> Material for this exercise:
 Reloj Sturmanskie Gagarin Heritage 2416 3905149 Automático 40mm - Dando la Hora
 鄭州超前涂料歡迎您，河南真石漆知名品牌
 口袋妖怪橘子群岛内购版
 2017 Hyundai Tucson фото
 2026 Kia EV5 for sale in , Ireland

---

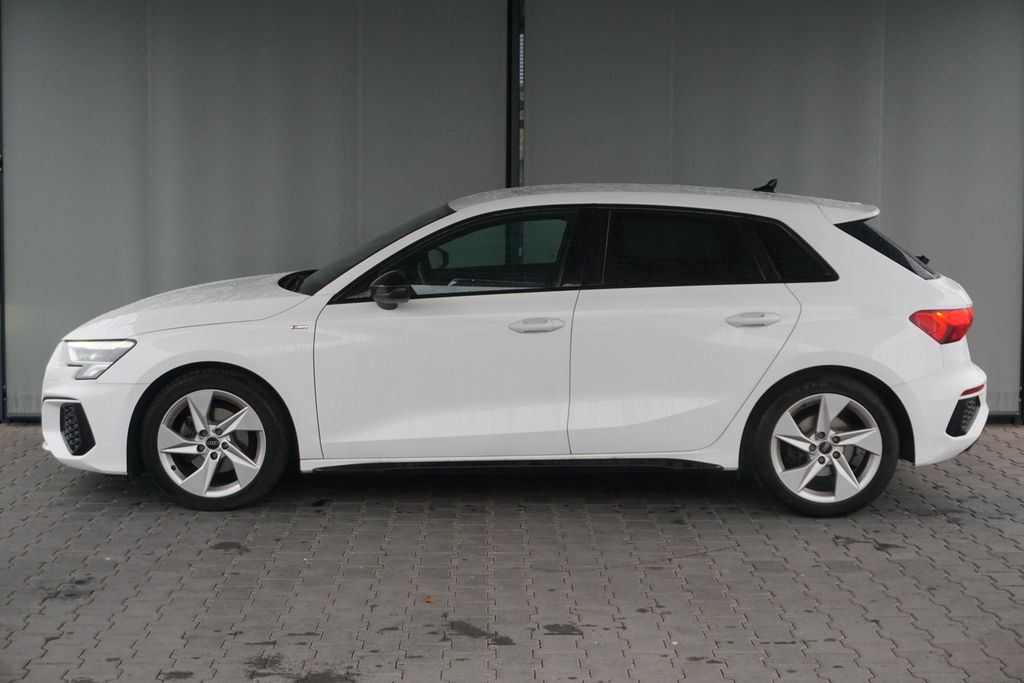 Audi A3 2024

--

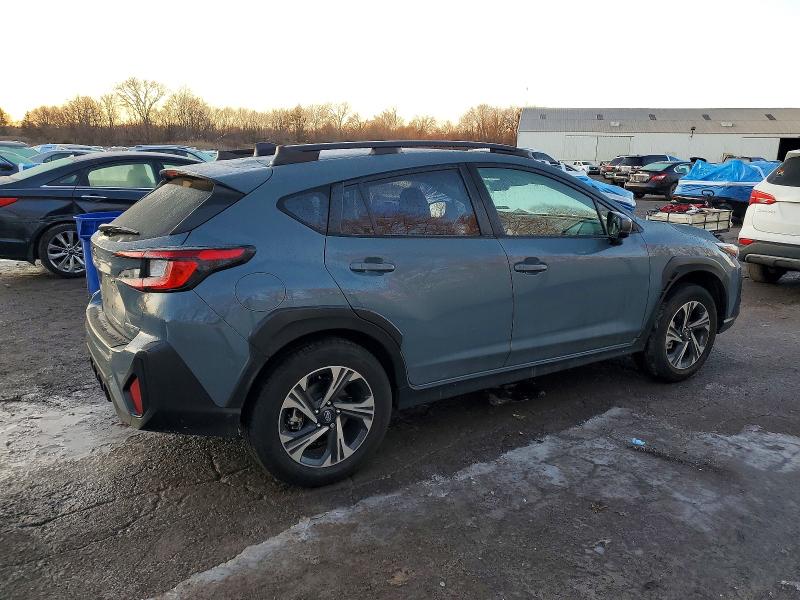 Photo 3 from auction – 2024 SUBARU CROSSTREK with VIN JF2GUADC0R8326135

> What to work on:
The listing above holds a line with "鄭州超前涂料歡迎您，河南真石漆知名品牌" and a line with "2026 Kia EV5 for sale in , Ireland". Print the stretch from the first through the second, exactly and alone.

> Output of the exercise:
 鄭州超前涂料歡迎您，河南真石漆知名品牌
 口袋妖怪橘子群岛内购版
 2017 Hyundai Tucson фото
 2026 Kia EV5 for sale in , Ireland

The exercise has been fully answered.